The day before yesterday it was equally hot, if not greater. I can't remember much beyond that, it has bleached my brain. We went to a local charity event. It was impossible to listen to people ask for financial help in that wretchedness. I couldn't sit still. I had to walk over the the entrance where I could get closer to an air conditioning vent. Fat people do not hold up well in these temperatures. I'm certain that there were some there that were angry with me, that I was blocking the flow of cool air, somehow fouling it with my advanced and sweaty presence. I was desperately looking around for a sturdy chair to stand on, to get my head closer to the source. 

At one point I'm pretty sure I saw Rhys humping Rachel's leg. I didn't even care. She looked good. I couldn't think about the implications of such a thing in that stifling heat and humidity, though. I was relieved that somebody had the energy to do it. It was a sign that we might survive. The last few days have been pages ripped straight out of Revelations. I would not have been a bit surprised to hear frogs falling from the sky last night, cooking on the roof. These are the plague-times.

One partially good thing, at least: the heat has doubled the size of my cock and balls. They just hang there, stretched, trying to get as far away from my body as possible. I've been looking into nudist camps in the area, wanting to take advantage of it while it lasts. The cock - much like the clitoris, lips, and inner ear - cannot sweat. It does not have the required glands for such a thing. The balls are quite famous for it, but the cock is treated mercilessly in this weather, in an evolutionary way. Nobody ever references their sweaty cock but the balls are hardly ever accompanied by a different adjective. The temperature will only make it uselessly hang there - which may help the cooling process some, giving it more surface area - but that is minor compensation for the other misery.

It's pitiful to witness, there is a forlornness that saddens.  


I've been going to the gym regularly, trying to recapture some youth. But as I slowly get back into a simulation of shape I just end up looking more stretched. My arms and shoulders and neck and face do not look the same any more. The skin refuses to react the way that it once did. I'm a melted version of myself. My whole body's starting to look like penis skin. It seems as if it has been grafted on well enough - though not quite as snugly as I might have preferred, with only the occasional seam being noticeable - but the surface must have been taken from a distant relative. It's not my skin, it's not possible. The years have embezzled my life away. My body looks like a duffle bag that was once used in a getaway run.
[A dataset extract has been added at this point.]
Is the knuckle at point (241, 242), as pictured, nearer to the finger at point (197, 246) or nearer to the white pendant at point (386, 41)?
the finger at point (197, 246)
When did I become this aged thing. I appear in the mirror as a police sketch of my former myself, a fugitive from my own past. It will not surprise me at all if one day soon I awake to find the entire world still rendered in color but my reflection will just be a rudely stated black and white composite. I've gotten in the reluctant habit of stopping by the post-office, to keep an eye on the wall, in the event that a familiar ghostly sketch reappears there.



"Oh, the only decent thing I did when I worked as a postal clerk 
Was to haul your picture down off the wall near the cage where I used to work."